オーバーホールは所有者自身では目の届かないムーブメントの内部機構について、ピアノで音を合わせる調律をするように精密な調整を行うことです。
一定期間メーカーさんなどに預かってもらってオーバーホールするのが一般的ですが、ロレックスの場合相場は数万円で、販売価格と比べてそれほど割高なメーカーではありません。
安心して使用を続ける、また価値を落とさないためにも年単位で保有・保管していく場合、オーバーホールを活用するのも有効です。
ロレックスの長期保管に成功するマインドとは
メンテナンスのコスパを前向きに考える
唐突な例かもしれませんが、みなさんは5万円のツアー旅行に参加するとして、500円のガイドブックを買いますか…?
答えは人それぞれだと思いますが仮に旅先の情報源が(ネットや現地の案内など)ガイドブック以外あまりない場合は、買うという選択をする人も多いのではないでしょうか。

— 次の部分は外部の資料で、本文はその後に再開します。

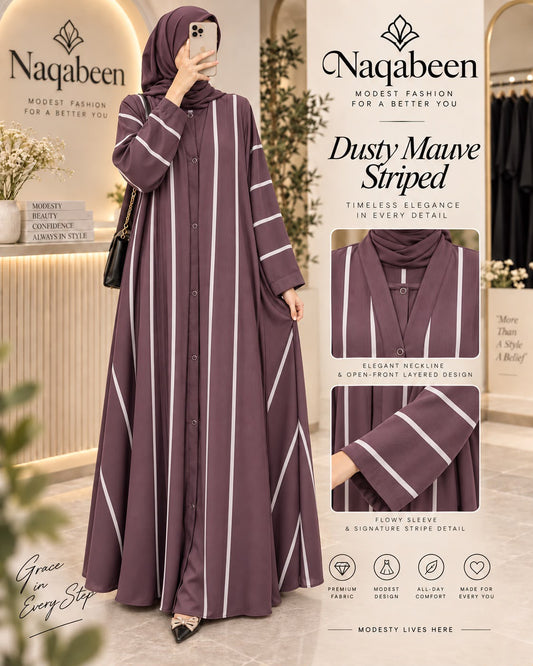 Stripped Abaya - Dusty Mauve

例は適切でないかもしれませんが、余計に1%のコストを投じることで旅先の喜び・楽しみが倍増することもありますし、逆にそれをケチってしまうことで本来の魅力を味わえなかったりすることもあるはずです。
ロレックスにおけるメンテナンス・保管のコストはオーバーホールやケース代などの金銭的な部分もありますし、毎日拭く・定期的な掃除など時間的な部分もあります。
どちらのコストについても買った時の価格を考えれば数%程度と考えることができますし、それによって数年後の価値も大きく左右されるのでこうしたコスパについても前向きにとらえることをお勧めします。
愛着があるから磨くのか、磨くから愛着が出るのか
マインド的な部分で最後に禅問答のようなことを言って申し訳ありません(笑)。
私の友人で以前、高級なロレックスを購入したもののあまりメンテナンスをせず数年を過ごしてしまい、
「私はロレックスがあまり好きではないのに買ってしまったのだろうか…?」
と少しネガティブなことをぼやく人がいました。
話を聞くとその友人はたまに着用するものの何となくその時計を放置する時間が長くなり、もちろんろくにメンテナンスもせず保管にも気を遣わずいる間に
「自分は時計好きだと思っていたが違ったのか?」
「買う時は本当に大切にするつもりだったが結局自分は飽きてしまったのか?」
「自分程度の思い入れではこの時計を持つ価値はなかったのではないか?」
という方向に思考を進めてしまったようでした。
熱心な人が聞けば笑ってしまうようなぼやきなのですが(笑)、高いお金を払ってこれでは…ということで私にはその気持ちが少しだけ分かります。
ただ私に言わせれば、
「愛着があるから磨く」のではなく、
「磨くから愛着がわいてくる」のだと思います。
ロレックスを始めとする高級時計の知識については、勉強をすれば身に着きますし詳しい人は多いです。
しかしロレックスへの愛着・思い入れ・造詣については日ごろのお手入れなどの行動で「育てていく」ものだと私は思っています。
手入れをしないから自分には愛着がなかった、自分は時計に対して冷たかったということではなく、手を動かすことで愛着を育ててこなかった、逆に言えばこれからでも育てられる…ということだと思うのです。
最後に精神論的なことを言ってしまいましたが、保管にしてもお手入れにしてもちょっとした「習慣」作りの問題だと思います。
時計に優しい習慣を仕組み化することで、その価値を保つだけでなく愛着や造詣も育てていければ最高だと思います。
読んでいただき、ありがとうございました。